▸ Data provided

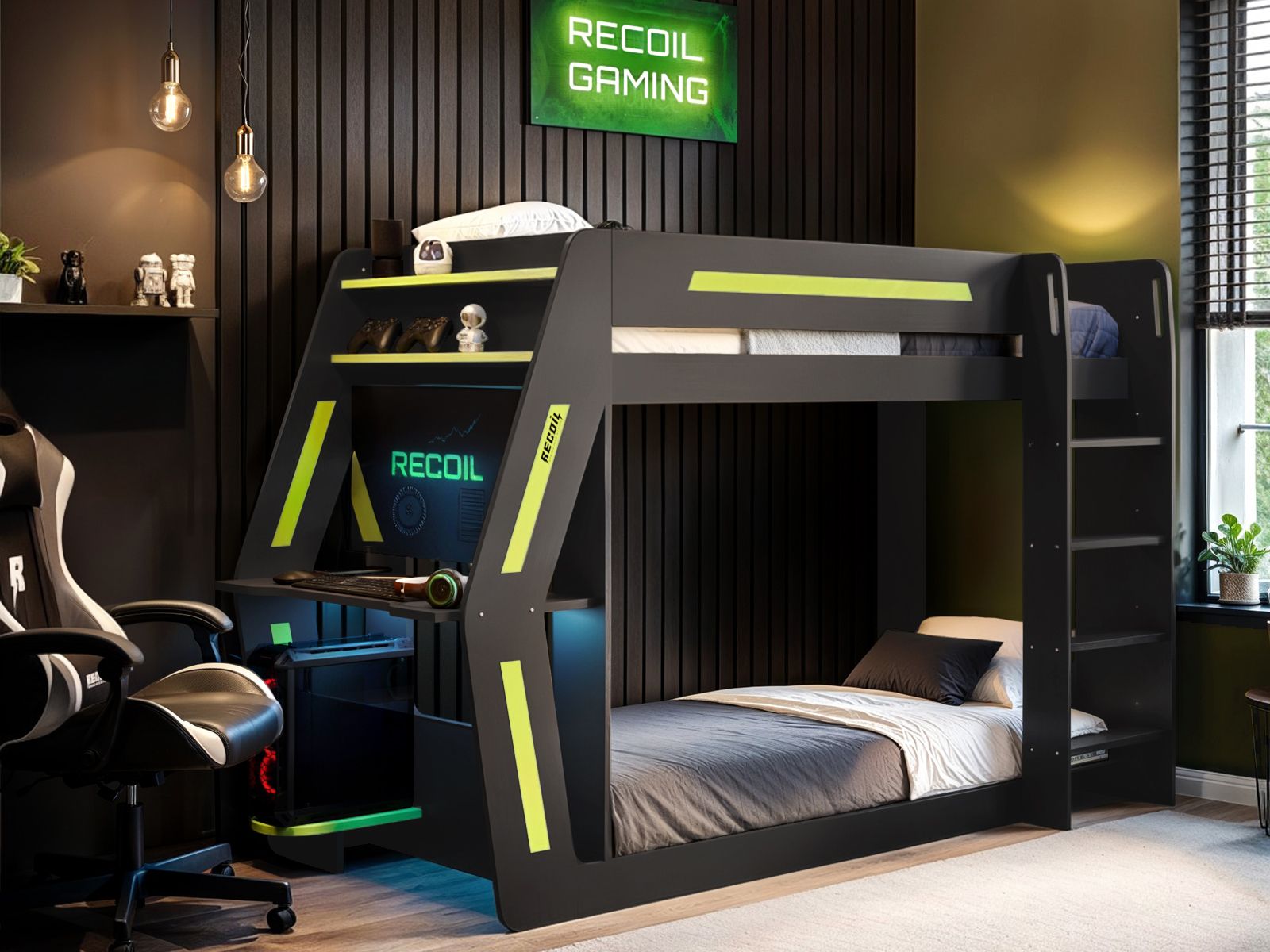 Recoil Alister Gaming Bunk Bed with Desk Charcoal & Green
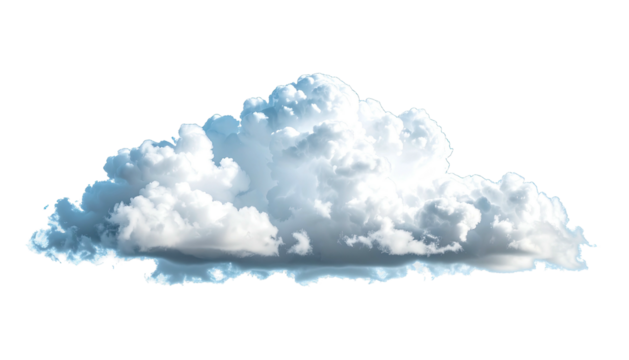 Fluffy, bright white cloud isolated against a black background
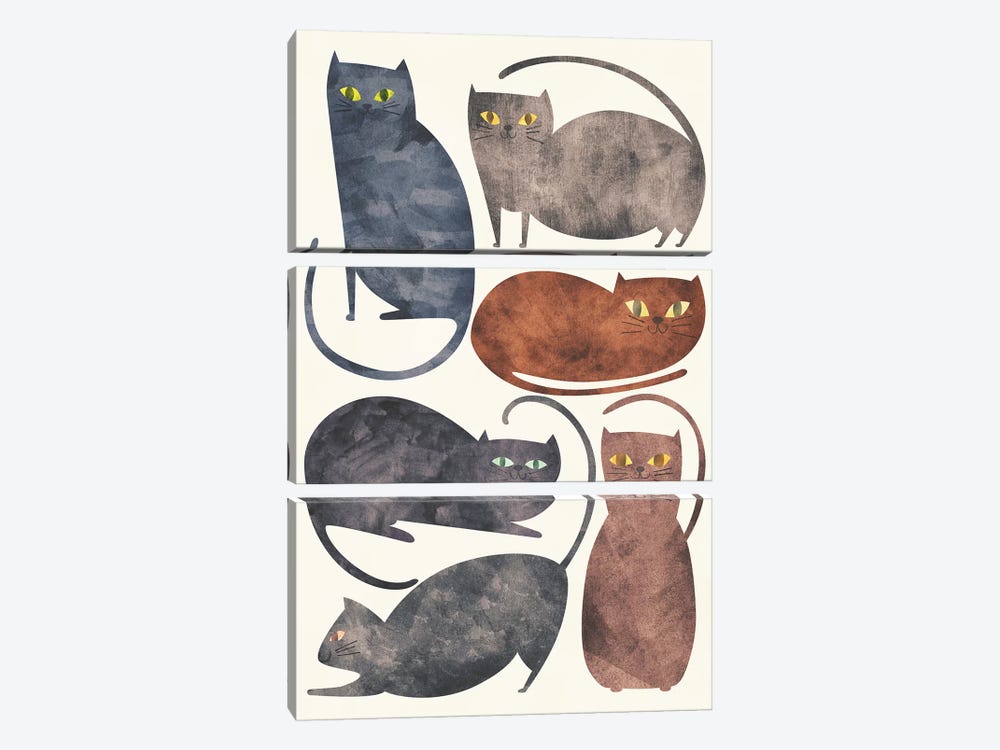 Cats by Tracie Andrews 3-piece Canvas Print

▸ What you are asked to do
Each line of the listing must be restated word for word, and the pictures left out.

▸ Expected answer
 Recoil Alister Gaming Bunk Bed with Desk Charcoal & Green
 Fluffy, bright white cloud isolated against a black background
 Cats by Tracie Andrews 3-piece Canvas Print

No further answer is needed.